I also coded in a few checks that cut off heating if thermocouple readings aren’t responding to heating and used a electromagnetic relay since they tend to fail open rather than closed.

The ceramic standoffs ensure plastic standoffs never get too hot, but in the case they did I performed a quick flame test to see how the enclosure would fare in the event of unsupervised thermal runway. The overall result is not good… but the carbon fiber nylon fared much better than PLA.

However, thermal image capture proves that the plastic doesn’t get that hot, even under 5 minutes of 250C setpoint.

Flame Test:

All materials burned under direct flame, but insulation foam proved flame resistant.

Results of Flame Test

From top to bottom as clamped: Insulation foam, silicone stranded grounding wire, PLA filament, Carbon-fiber filled nylon filament.

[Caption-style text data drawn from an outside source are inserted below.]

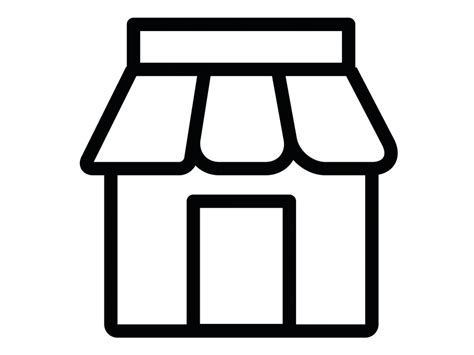 Store Png Transparent Icon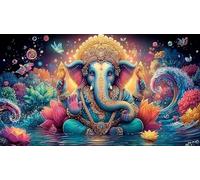 Indian-deity-statue 1000 Pieces Jigsaw Puzzles for Adults Challenging Game Jigsaw Puzzle Home Decors for The Whole for Women, Gifts for MenIndian-deity-statue75x50cm/1000pcs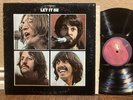 THE BEATLES - Let It Be Vinyl LP Red Apple Phil + Ronnie GF Get Back 909 Vg++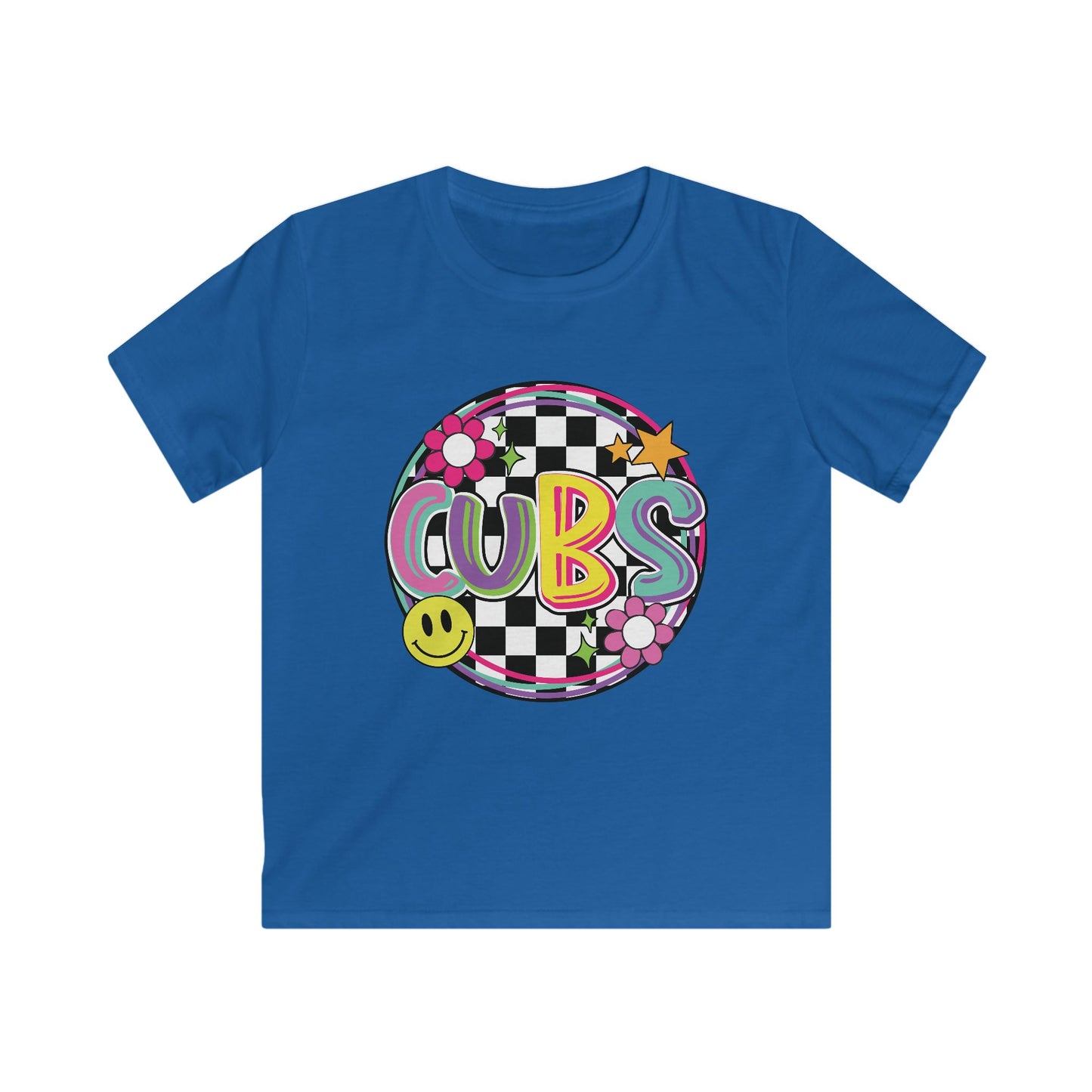 Kids Retro Cubs Spirit Tee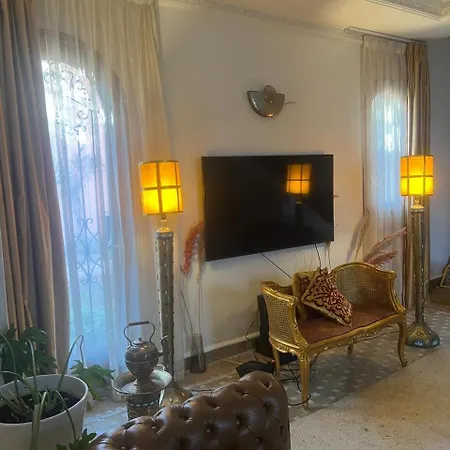 Riad Villa Amsterdam Palmeraie-3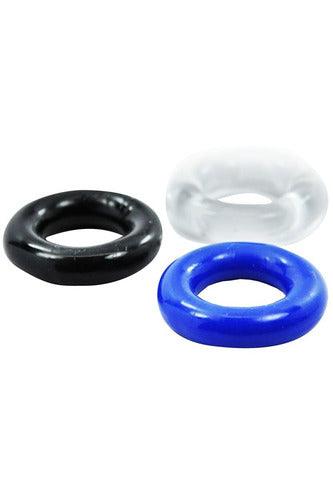Cockring Combo Color Varieties - My Sex Toy Hub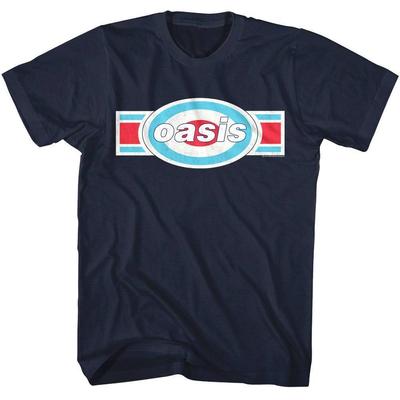 T-shirt da uomo con logo Oasis Britpop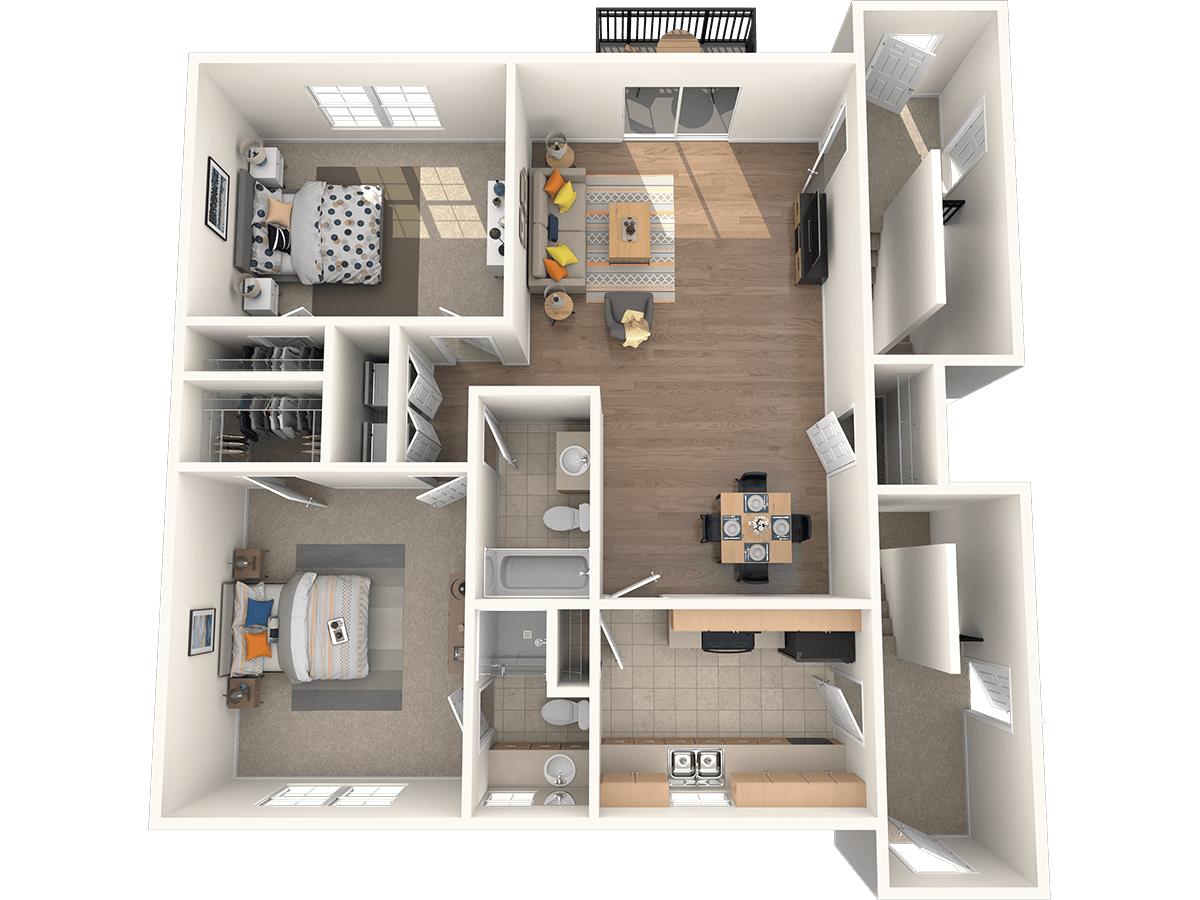 B1 floor plan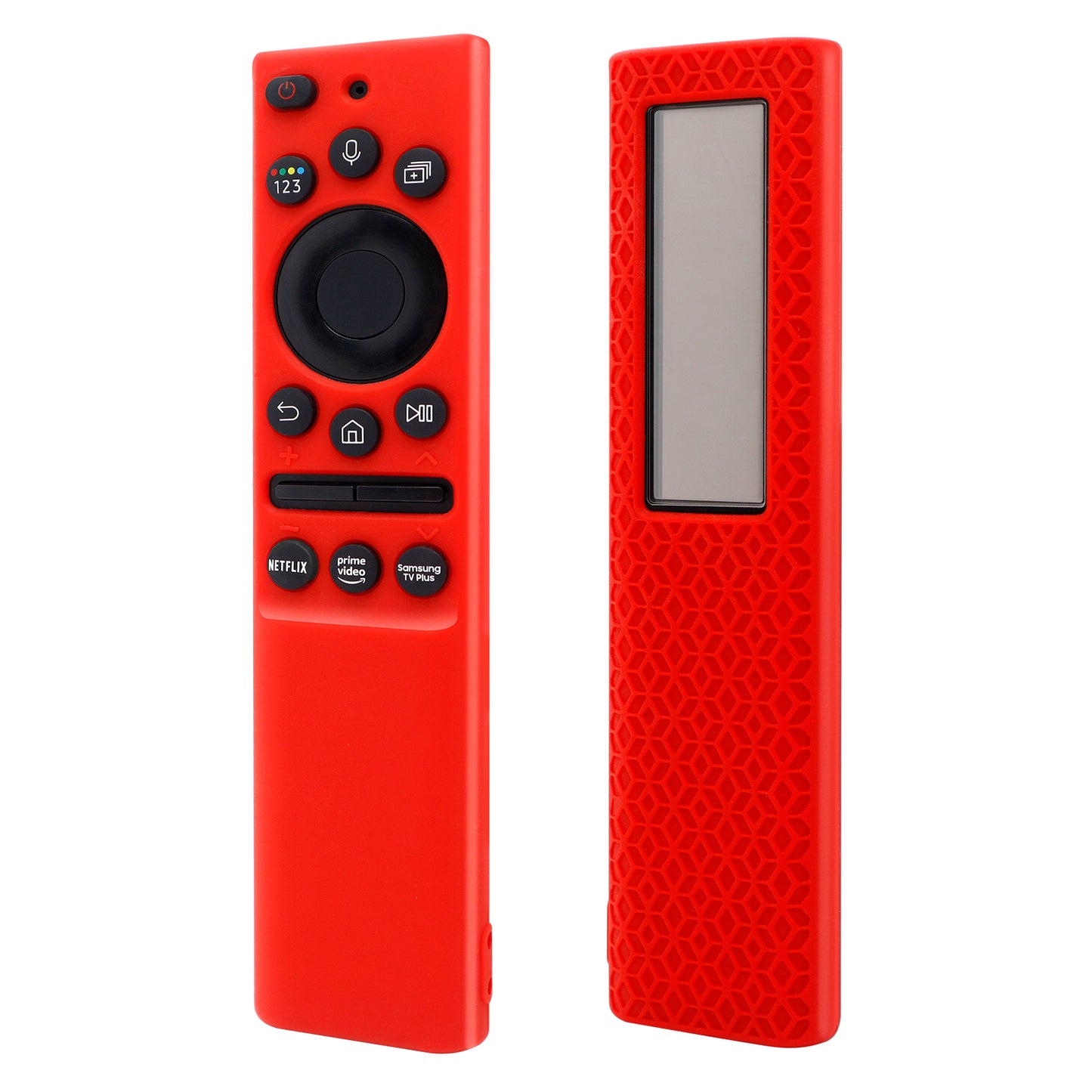 ZEVGOV Silicone Case for Samsung Smart Solar Cell Remote Control BN59 Series, Protective Kids-Friendly Shockproof Remote Control Sleeve Holder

Plastic gets up to ~50 degrees C, while ceramic columns

Solder test on a couple pads of an old PCB (tagconnect for scale)

Future Improvements

I’m really happy with how this turned out: It outperforms everything comparable, especially since I value performance & compactness most. Definitely ended up more expensive than I hoped, but I mostly assign that to buying high-temperature components.

  • Housing cut into extra section to allow simplified hot plate replacement

  • Housing reprinted in carbon-fiber nylon for increased glass transition temperature

  • Reimplement PID control to reduce steady state error and undershoot of peak solder temp

  • Ability to edit reflow curves without uploading code

  • Filter mesh on input fan

I don’t know how many of these changes I’ll end up implementing or how many of these will get baked in to a v2 with an SD card for storing reflow curves, an ESP-32 for future connectivity, larger fan for cooling, support for a glass cover to reduce escaping heat, and custom PCB for simpler assembly & further reduced form factor. I’d estimate I could halve the component cost doing something like this, making it price-competitive enough to sell as a kit potentially! We’ll see when I have time to make a v2.

Open-Source Files

The source files are available in a github repo. It’s tentatively licensed as GPL to promote people open sourcing their projects too :)

If you’re looking to build it, the files are also available in .step and stl format.